PROBLEM TO SOLVE -> Look through the records below for the line with "Bordo metallo taglio" and the line with "A Brief History", then return those lines and all lines between, exactly.

------ EXTRACTED DATA ------

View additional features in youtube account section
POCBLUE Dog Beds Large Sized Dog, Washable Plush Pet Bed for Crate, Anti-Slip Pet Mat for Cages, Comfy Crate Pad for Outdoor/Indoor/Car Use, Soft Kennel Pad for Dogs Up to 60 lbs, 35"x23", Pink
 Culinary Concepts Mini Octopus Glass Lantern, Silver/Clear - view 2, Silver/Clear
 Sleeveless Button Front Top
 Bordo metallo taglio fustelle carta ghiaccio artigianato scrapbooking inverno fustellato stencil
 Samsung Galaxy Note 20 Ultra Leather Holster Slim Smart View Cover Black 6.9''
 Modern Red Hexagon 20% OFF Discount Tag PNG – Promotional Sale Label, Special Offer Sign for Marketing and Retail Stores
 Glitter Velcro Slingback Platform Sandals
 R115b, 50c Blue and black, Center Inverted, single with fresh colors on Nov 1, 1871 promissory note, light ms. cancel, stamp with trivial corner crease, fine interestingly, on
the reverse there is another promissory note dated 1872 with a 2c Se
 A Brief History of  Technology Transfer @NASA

------
------ EXTRACTED DATA ------

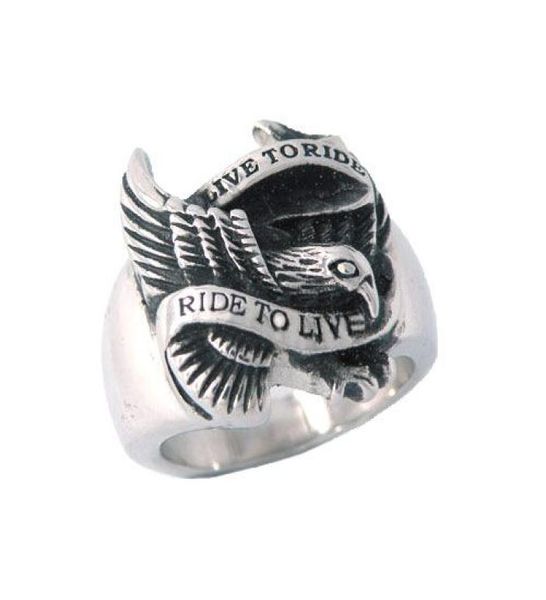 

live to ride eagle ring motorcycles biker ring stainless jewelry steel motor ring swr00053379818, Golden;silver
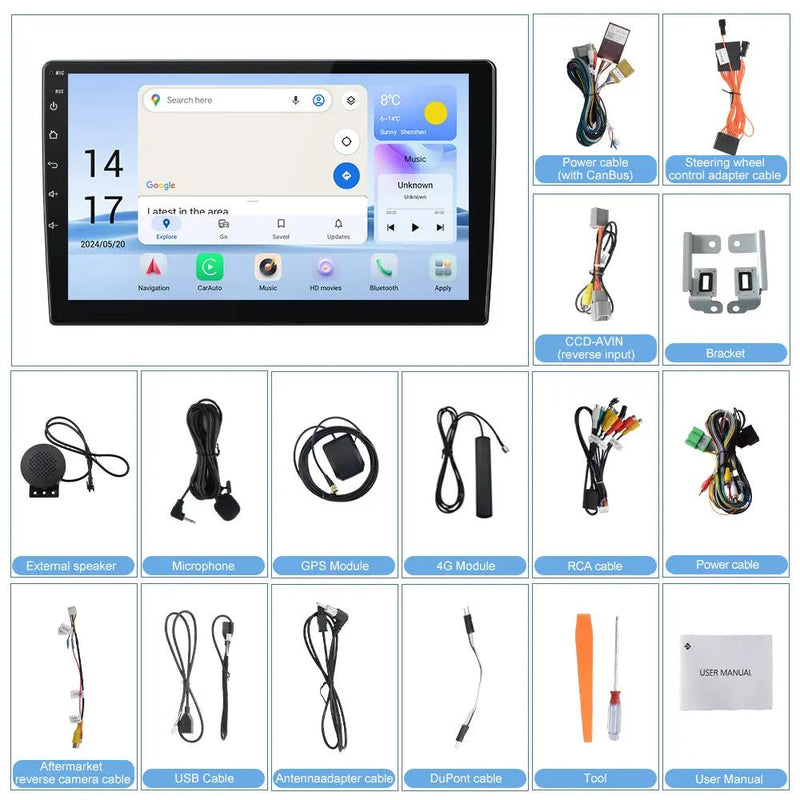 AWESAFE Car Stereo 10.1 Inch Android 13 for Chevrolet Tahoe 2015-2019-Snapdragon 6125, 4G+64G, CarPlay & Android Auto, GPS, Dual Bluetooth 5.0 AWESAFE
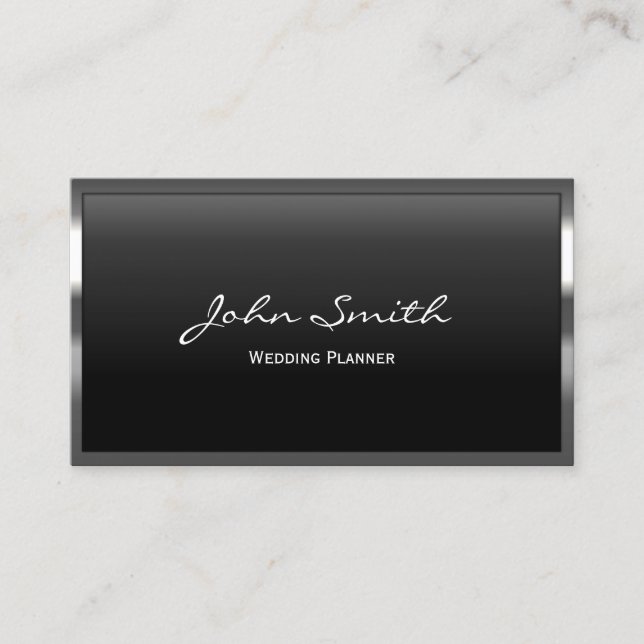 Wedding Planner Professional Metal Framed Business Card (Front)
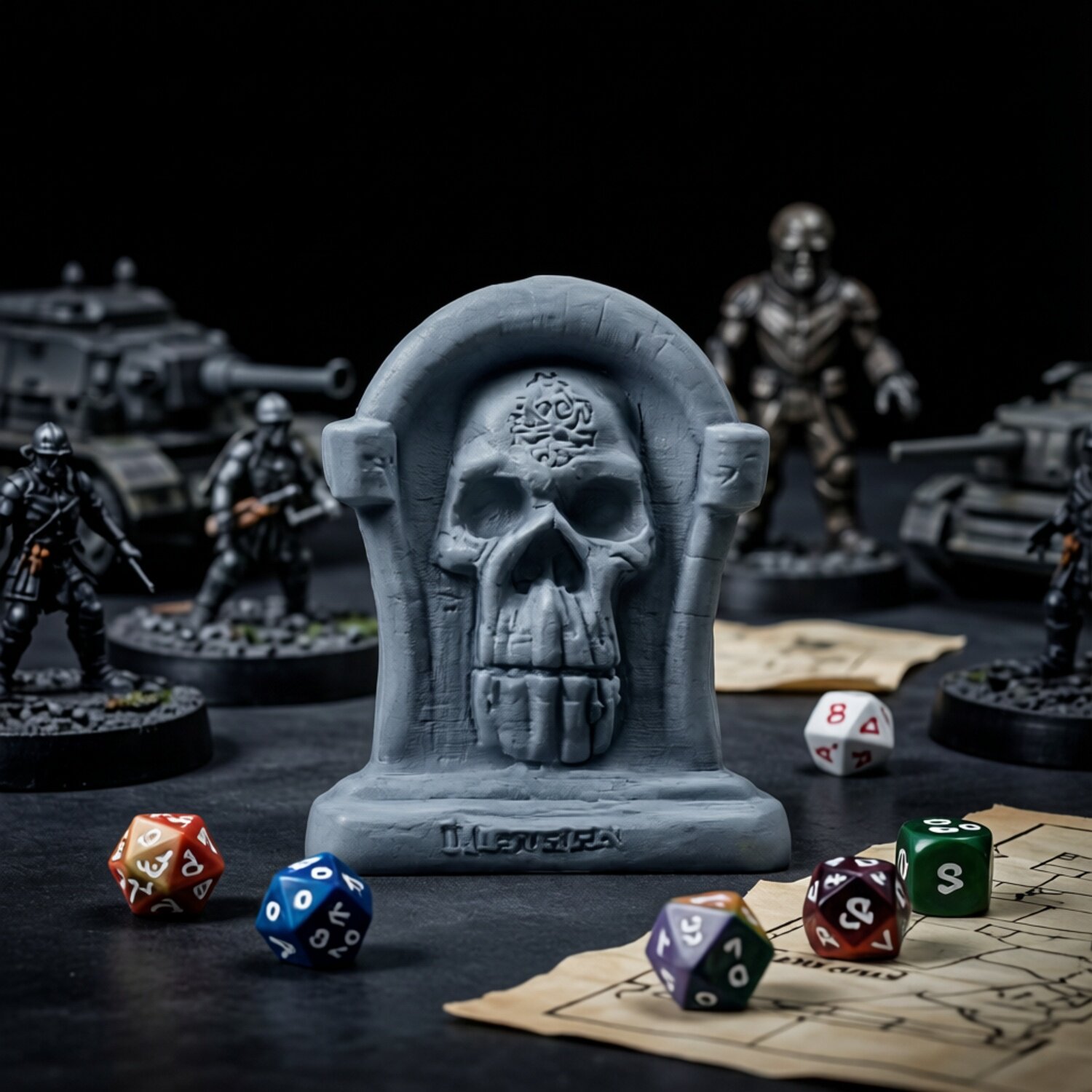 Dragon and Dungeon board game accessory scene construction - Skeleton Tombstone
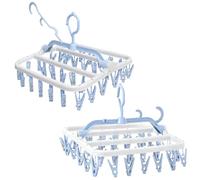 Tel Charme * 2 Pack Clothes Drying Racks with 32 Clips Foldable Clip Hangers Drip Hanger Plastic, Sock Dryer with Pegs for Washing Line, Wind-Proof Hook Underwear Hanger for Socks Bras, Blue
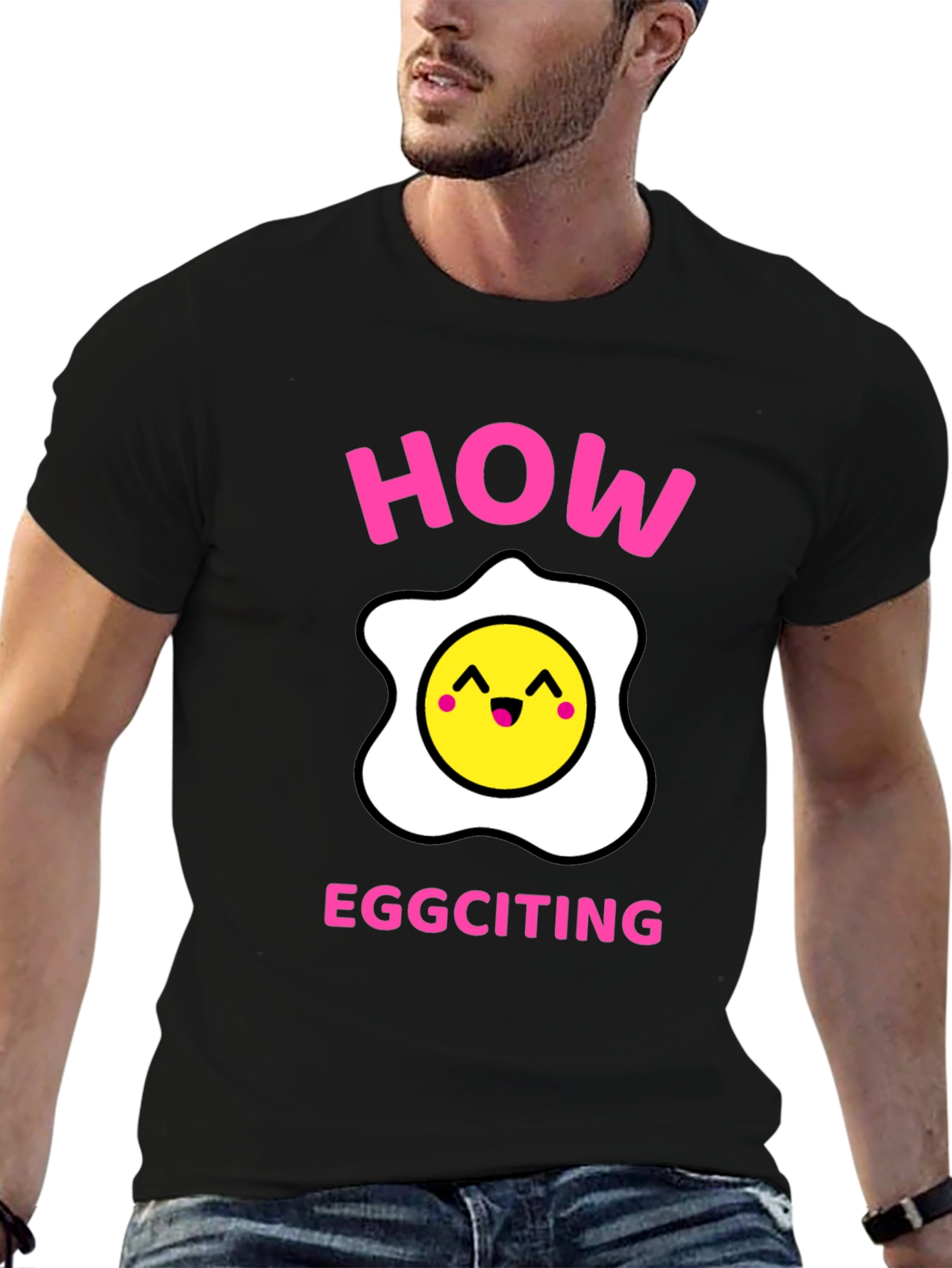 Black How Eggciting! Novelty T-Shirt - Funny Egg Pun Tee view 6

------

EXPECTED OUTPUT ->
 Bordo metallo taglio fustelle carta ghiaccio artigianato scrapbooking inverno fustellato stencil
 Samsung Galaxy Note 20 Ultra Leather Holster Slim Smart View Cover Black 6.9''
 Modern Red Hexagon 20% OFF Discount Tag PNG – Promotional Sale Label, Special Offer Sign for Marketing and Retail Stores
 Glitter Velcro Slingback Platform Sandals
 R115b, 50c Blue and black, Center Inverted, single with fresh colors on Nov 1, 1871 promissory note, light ms. cancel, stamp with trivial corner crease, fine interestingly, on
the reverse there is another promissory note dated 1872 with a 2c Se
 A Brief History of  Technology Transfer @NASA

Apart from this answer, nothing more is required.